Two of the younger officers tried to choke back vomit as they continued to stare numbly at the screen. An arm flailed underneath the heaving mass of flesh and blood, then a thin shiny sliver of steel appeared from under the desk, clasped in Hugo’s clenched fist. The surgeon’s scalpel slashed into the back of his wife’s corpse, hacking and cutting at the mutilated wound that half-joined the two together. As the bodies separated with each slicing cut and Hugo pushed the dismembered corpse away from his own eviscerated body, the camera faltered and started to judder as the recording ended.

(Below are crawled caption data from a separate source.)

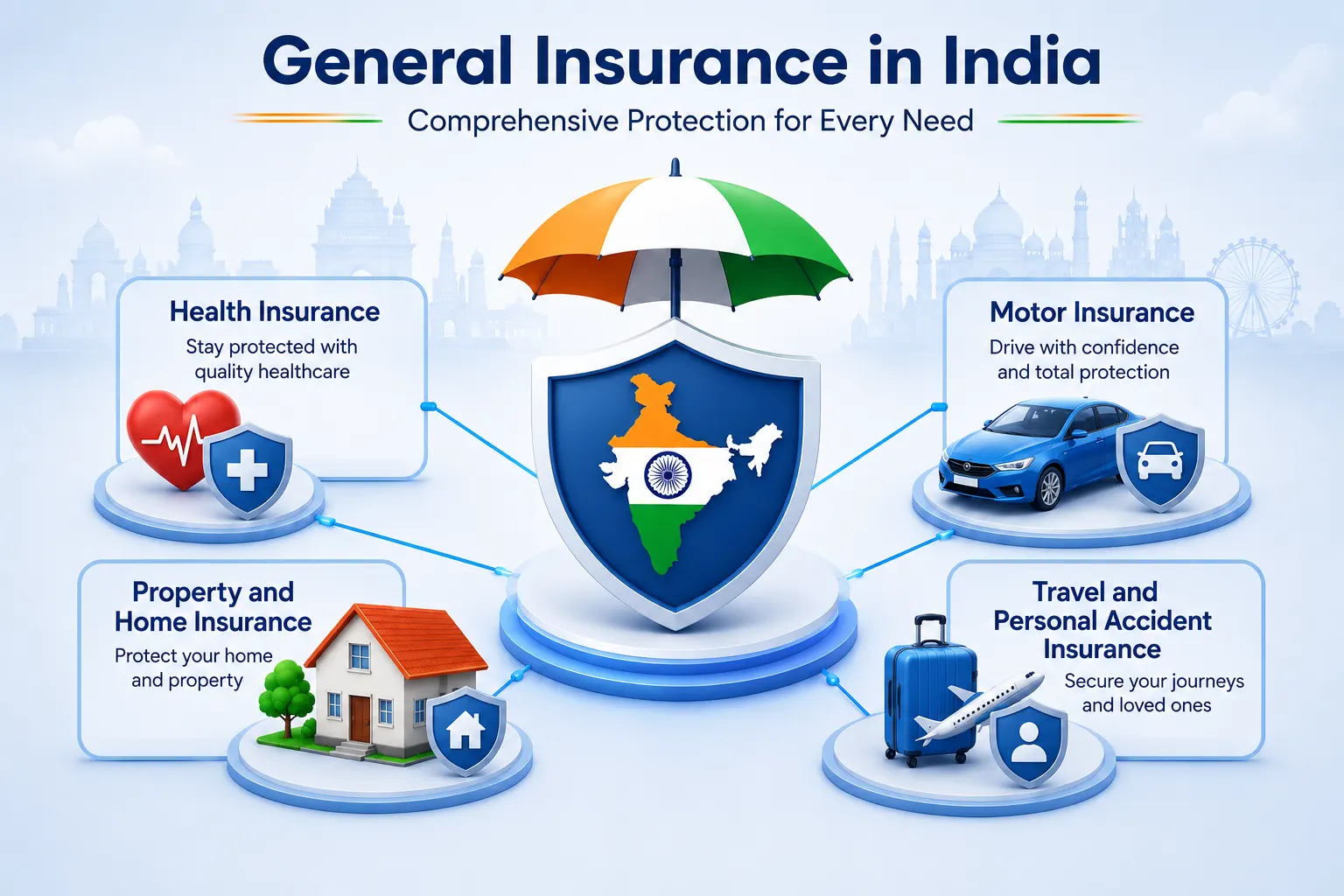 Types of General Insurance in India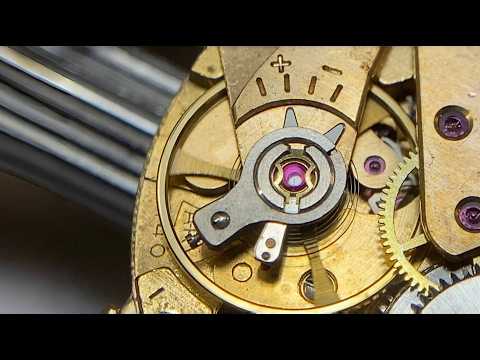 Explaining in 3D How Balance Wheel Works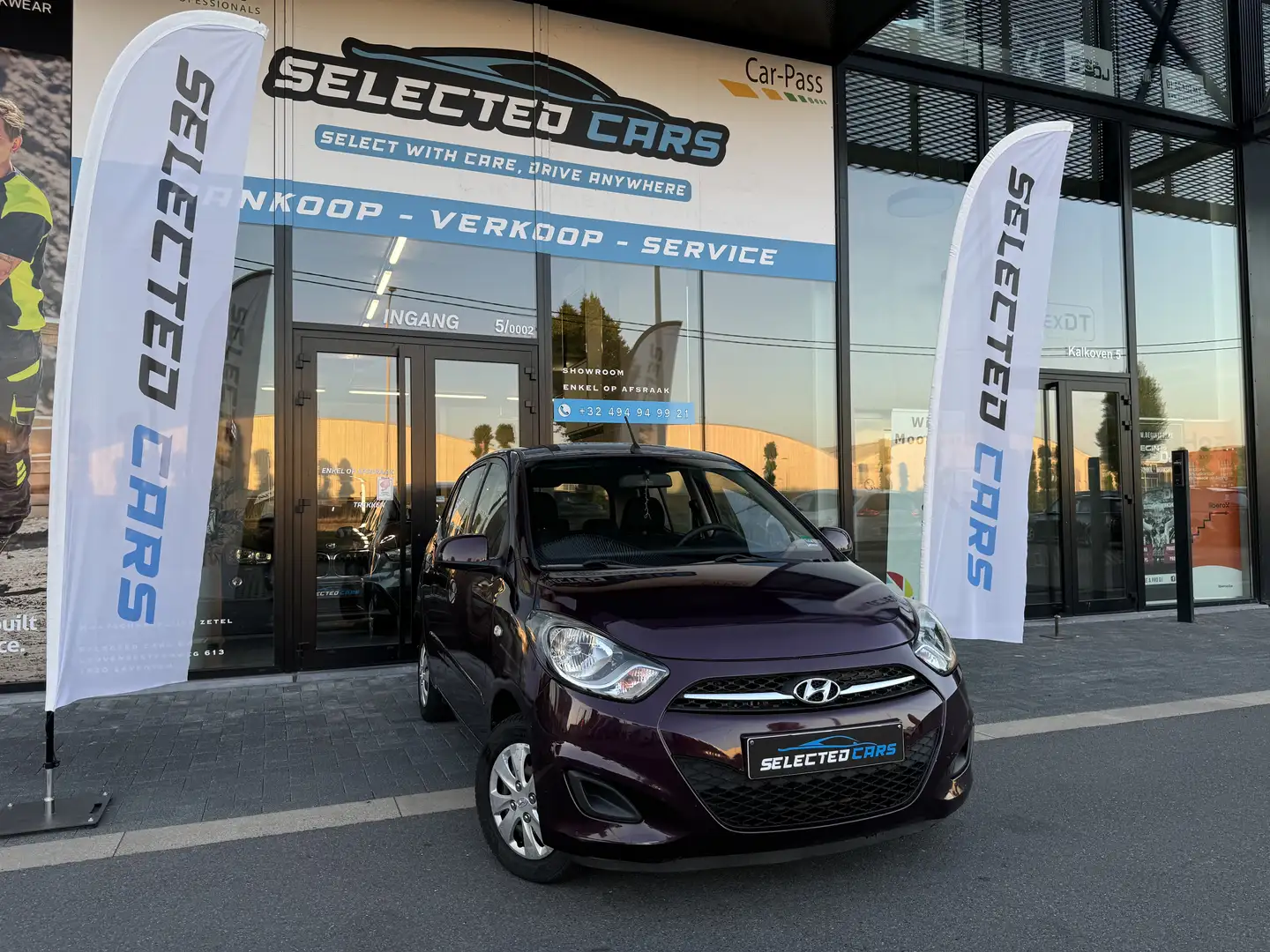 Hyundai i10 i10 1.1 5 Star Edition Mauve - 1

“What the fuck just happened?” asked the Senior Officer, a shocked look on his face that offered no hope of any understanding. The surgeon sat in his chair, his sweaty bald head clasped between his bloodied hands. Some of the other officers excused themselves and left the office, while the remaining few shuffled uncomfortably and looked at each other for an answer. The coroner, who had been watching proceedings impassively from the doorway, took two steps forwards and dropped the autopsy report on the Senior Officer’s cluttered desk.

“Two deaths, one by homicide, one by misadventure. The female’s time of death, at least one to two weeks before the male’s. Male neck wounds unexplained, although clearly bite marks correspond with the female dental records and the footage you have just witnessed.”

“How the hell am I gonna write this one up?” asked the Senior Officer to no-one in particular, shaking his head, hypnotised by the folder on the desk in front of him. He picked up the coroner’s report and looked at the folder blankly. He placed it back on his desk amidst the surrounding clutter of forms, case files and reference books, then placed his hand on top of it as if he was about to swear on the good book. The coroner leaned across the desk, picking up one of the rubber stamps heaped in a basket next to the ‘in-and-out’ trays overflowing with paper. He rolled the stamp in the red inkpad next to the phone and bought the stamp down hard on the cover of the report.

‘CASE CLOSED,’ declared the imprint, now emblazoned diagonally across the cardboard folder.  The Officer picked up the folder, waving his remaining colleagues from the room before heading to the filing cabinet. He opened the bottom drawer and filed the report at the back of the other copious files marked ‘Case Closed.’ Slowly shaking his head, he repeated, “Case closed,” as he took the half empty bottle of scotch from another drawer, unscrewed the cap and drank half of its contents in a single mouthful, not giving a fuck if anyone saw him do it.